Creating a regenerative building in Southern Ontario

Cross-laminated timber soffit
CLT was used in the York Region Forest Stewardship Education Centre (YRFSEC) project. One example can be found with this soffit.

Regenerative design and development
Most of today’s green buildings aim to deliver a ‘do less harm’ model of sustainability. The problem with this approach is it can only slow the rate at which damage is inflicted on the environment. This also begs the question: what about the existing problems? The YRFSEC focused not only on reducing harm to the environment, but also actually being a positive contributor to the nature surrounding it.

Over the past two centuries, humans have used up natural resources that took billions of years to develop. Problems such as drought, forest fires, drained aquifers, eroded hillsides, decreasing biodiversity, and contaminated water bodies can all be linked to development processes that are constantly spending natural capital without doing anything to ‘top up’ the account. To quote author and thought leader on natural resource restoration, Storm Cunningham: “Sustainable development? Who wants to sustain this mess?”

Rather than attempting to sustain the current level of decreasing ecological health and biodiversity, the focus should now be on restoring and regenerating. Design should be about repairing the ecological harm done by humans and moving to a state where ecosystems can function as intended.

At its core, regenerative development aims to enhance the ecosystem around it by producing a surplus of clean energy, water, habitat, and ecosystem services. It also aims to restore social capital, enhancing equality and prosperity in the surrounding community. For YRFSEC, there is an opportunity to ‘do well by doing good.’ By designing a building that supports and contributes to its surrounding ecosystem, it not only creates a structure meeting its functional requirements, but does so in balance with the environment and the local community.

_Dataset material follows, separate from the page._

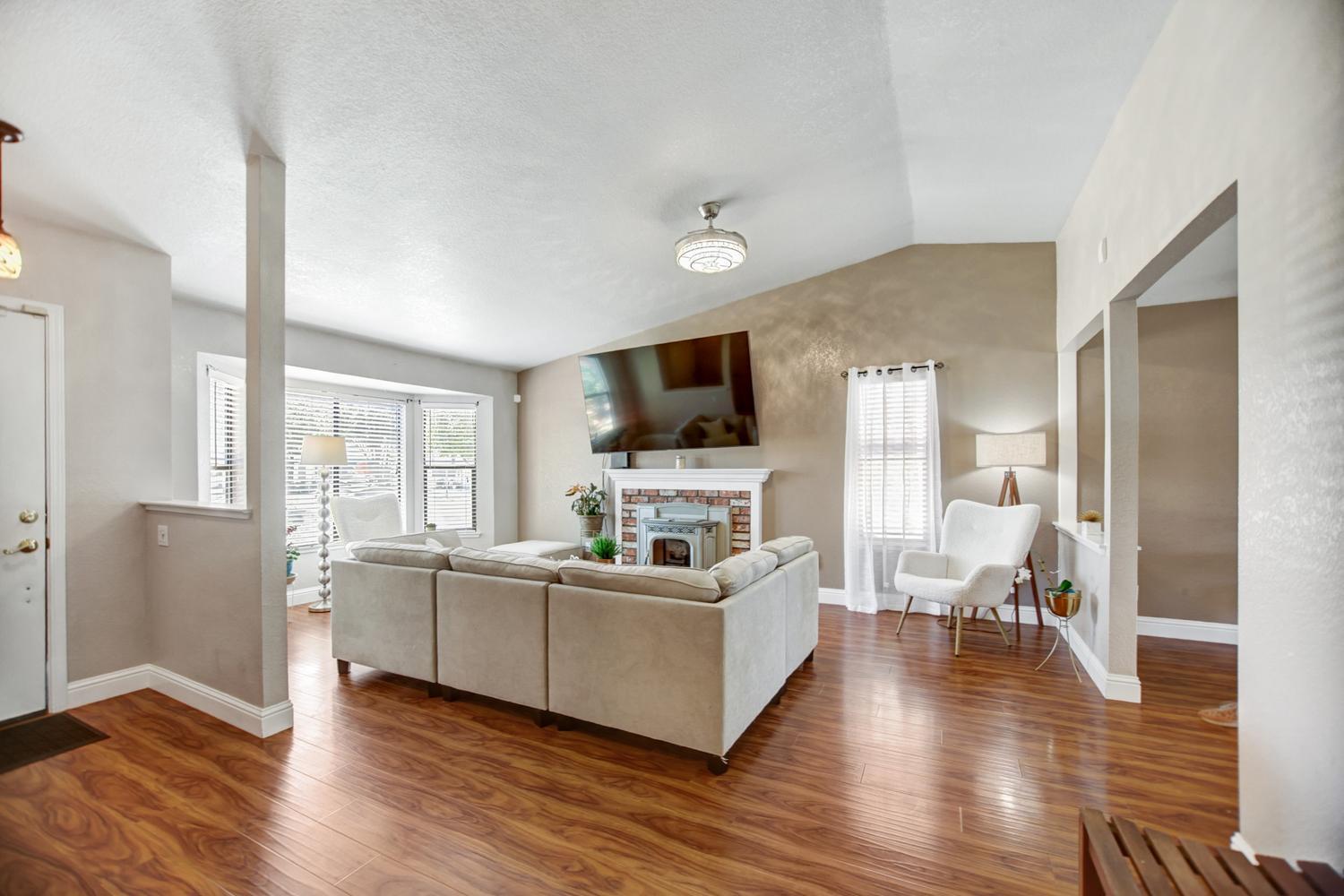109 Cherri Lynn Avenue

This model of regenerative development may seem like a giant leap, but the founding principles are displayed daily as life regenerates. However, it does require the support of a client with tremendous foresight. York Region has been firmly committed to the ambitions of the YRFSEC and has understood from an early stage the legacy of regenerative development, and specifically, its embodiment in the project, will reap benefits for the community for years to come.

York Region partnered with the firm DIALOG and began an integrated design process (IDP) allowing participation in the process by a diverse group of users and stakeholders including forestry experts, landscapers, educators, and project managers. Community Forests International, a not-for-profit organization practicing forest stewardship in both Canada and Tanzania also facilitated workshops on education and engagement. As a result, a key mission statement for the project emerged: design a LEED Platinum building that might also be one of Canada’s first Living Building Challenge-certified projects.

The Living Building Challenge
In the mid-2000s, the Cascadia Green Building Council launched a program that completely reimagined how buildings would interact with the world around them. The Living Building Challenge is designed to encourage the transformation of the world to be socially just, culturally rich, and ecologically restorative. Now administered by the International Living Futures Institute (ILFI), the LBC is the world’s most advanced measure of sustainability in the built environment.

The challenge focuses on the metaphor of the building as a flower: it reflects its native bioregion, it generates its own energy, it captures and treats all of its water, and it is beautiful.

Building design and performance have seven ‘petals:’ place, water, energy, health and happiness, materials, equity, and beauty. Within these petals are 20 imperatives, prescriptive- or performance- based goals that contribute to the overarching goals of sustainability, equity, and regeneration.